What does the blueprint look like at your org for a minimal viable organizational structure needed to run an AI governance program?

Great question. To quickly establish a minimally viable solution, we set up an AI Center of Excellence (COE) with the primary goal of promoting, governing, and establishing AI best practices to solve business challenges and drive value, while ensuring ethical, sustainable, and scalable adoption. Key stakeholders across the company, including Business, Legal, and IT, were involved. Business stakeholders ensure that AI projects align with company goals and objectives, while IT includes Information Security. We clearly defined roles and built our RACI (Responsible, Accountable, Consulted, Informed) matrix. An AI acceptable use policy was created and distributed across the organization. We audited existing AI tools and determined an acceptable tool list. A governance and intake process was established for the AI COE to review future AI requests.

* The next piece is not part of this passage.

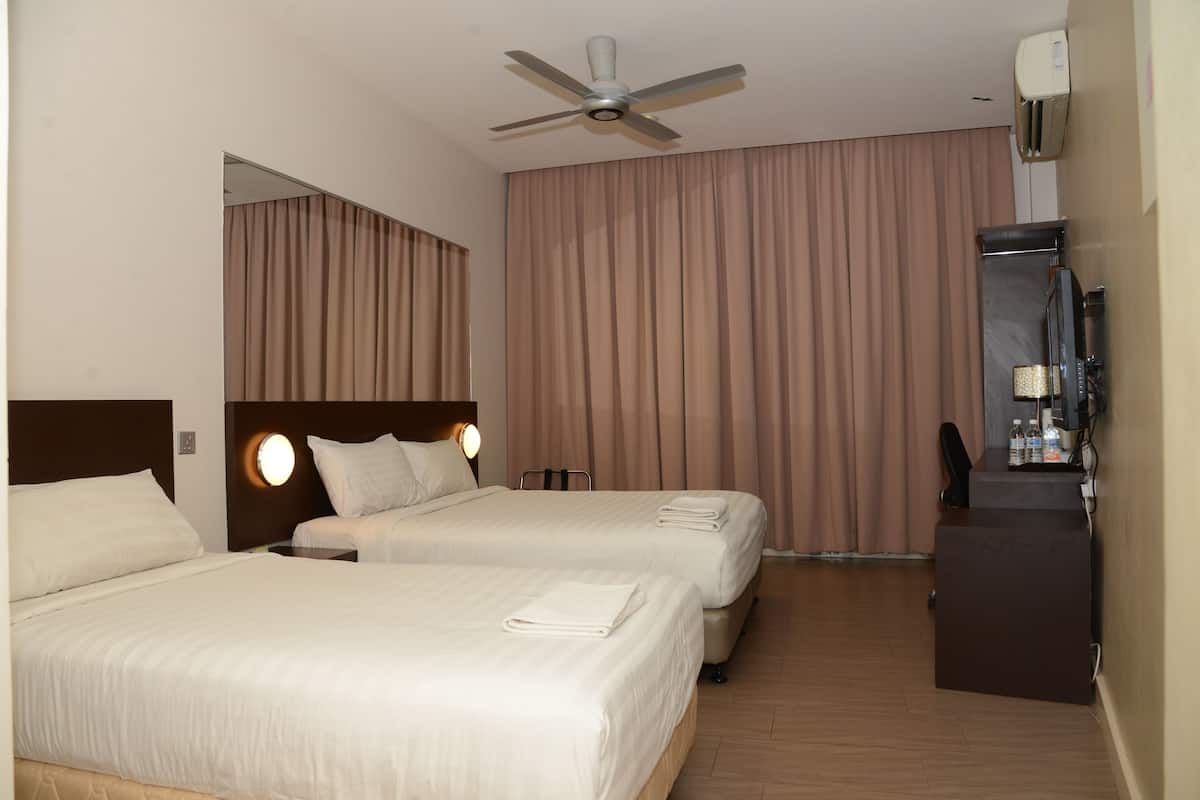 Habitación de hotel con dos camas, ventilador de techo, minibar y un gran ventanal con cortinas.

The AI COE stakeholders meet regularly, with IT and tactical teams meeting monthly, and business stakeholders meeting quarterly.

We started with a loose infrastructure (Community of Practice) across the enterprise bringing leaders who were AI-forward together every other month to address proactive and reactive governance issues. Out of it, we built the MVP tools: 1. An employee AI acceptable use policy 2. A process and list for Approved AI platforms/tools 3. Base priorities for the organization/a central list of AI uses being developed within the various businesses.

The model had to evolve as we dialed up use of AI in products, in day-to-day workflows and commercially for client use. We have since moved to an AI Transformation Management Office with two teams who are accountable for the primary governance of our AI usage:

1. People + Ops (including legal/contracting) responsible for reviewing contracts, building employee and client FAQs, reviewing new use cases and helping to respond to new challenges, reviewing tech and security issues on platforms and monitoring usage (authorized and unauthorized). This team is also building a pre-jump workshop for us to use when kicking off any net-new commercial campaign that leverages AI in more than 50% of it's outputs. The group includes inside and outside counsel from regions, our Security & technology team, Operations and financial leads from businesses.

2. Product + Positioning: This team helps us manage and monitor our reputation, provide regular positions and thought leadership around AI's impact on our business areas and improve the way we safely escort products to market.

This model has been more than 2 years in the making, but the governance needs have increased rapidly as user adoption and client demand increases. Highly recommend a more inclusive AI TMO rather than just a top-down governance approach as shared accountability is really important in this changing space.